There’s no commercial product yet to test – this is still at a basic research stage. Such testing would occur before U.S. Food and Drug Administration approval. Cultured meat is made of the same stuff that real meat is made of – but in principle one could make it much healthier by precisely controlling the amount and type of fat. One could have a hamburger with the fat content of an avocado.
How do you respond to those who fear in vitro meat for the same reasons they fear GM plants (that it is unnatural, for example, or may have unforeseen health detriments)?
 It’s not natural to put 10,000 chickens in a metal shed and pump them full of growth-promoting drugs. But that’s how most countries make chicken meat now. Even if they were free-range, there’s nothing natural about the broiler chicken – an animal artificially bred over centuries to have twice the natural size and growth rate of jungle fowl, with severe health problems as a result. Apart from those willing to revive a hunter-gatherer lifestyle, we’ve all opted to eat unnatural.
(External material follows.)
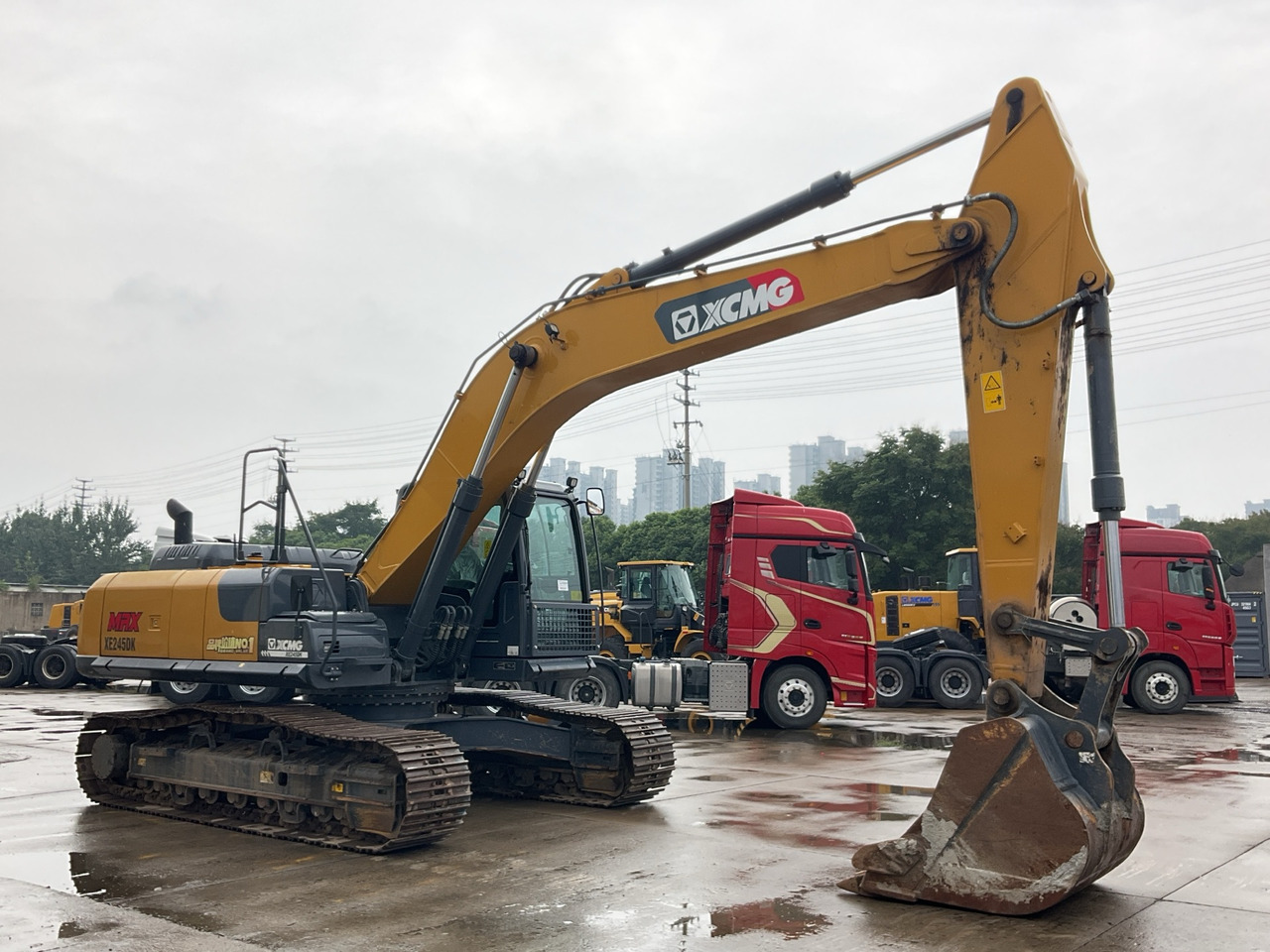 XCMG second hand medium size diesel hydraulic excavator XE245DK price - Bæltegravemaskine: billede 2 XCMG second hand medium size diesel hydraulic excavator XE245DK price - Bæltegravemaskine: billede 2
I would prefer that we develop unnatural foods that are healthier, safer, cleaner, and more humane than the unnatural foods we find in animal agriculture.
Some advocates suggest that producing in vitro meat instead of raising livestock in a more traditional manner wouId reduce the use of natural resources such as water, land, and energy and generate less pollution.  Can you quantify that for us?
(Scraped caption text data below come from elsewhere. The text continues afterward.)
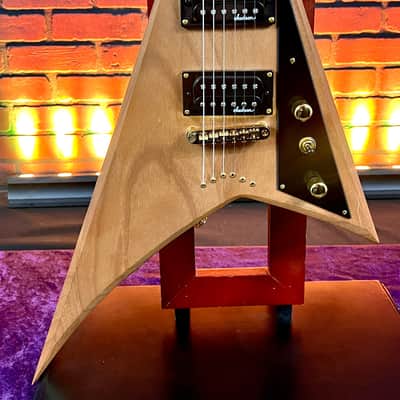 Jackson JS Series Rhoads JS32T FSR, Amaranth Fingerboard, Natural Oil w/DLX Jackson Hard Case image 2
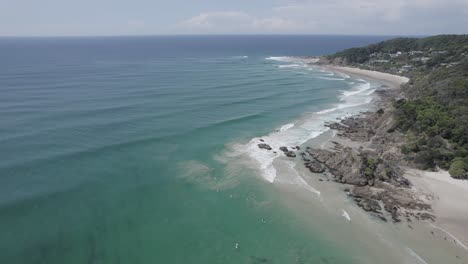 Costa-Idílica-En-La-Playa-De-Clarkes-En-Nueva-Gales-Del-Sur,-Australia---Toma-Aérea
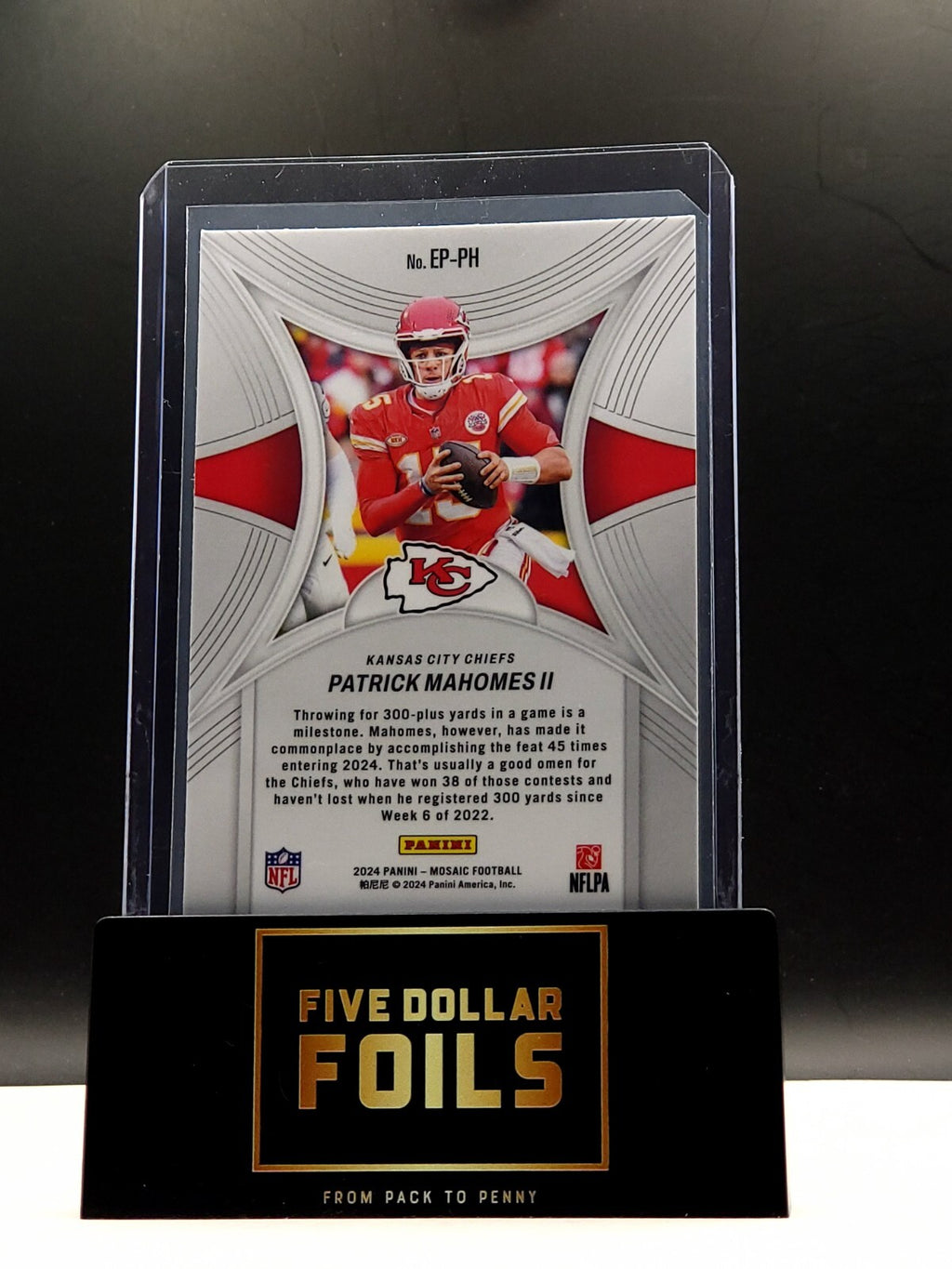2024 Panini Mosaic - Epic Performers #EP-PH Patrick Mahomes II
 Research at Oxford University looked at that question and estimated that mass production of cultured meat would reduce water and land use and CO2 emissions by 90% or more.
Love of meat eating and fear of “test tube” meat are both deeply engrained in the psyche of many across the globe. Moreover, in the developing world, meat eating has taken on the power of a status symbol, a source of pride. What do you think it will take to open up the public’s hearts and minds to in vitro meat?
 A product that’s safe, healthy, as cheap as regular meat, and aesthetically indistinguishable.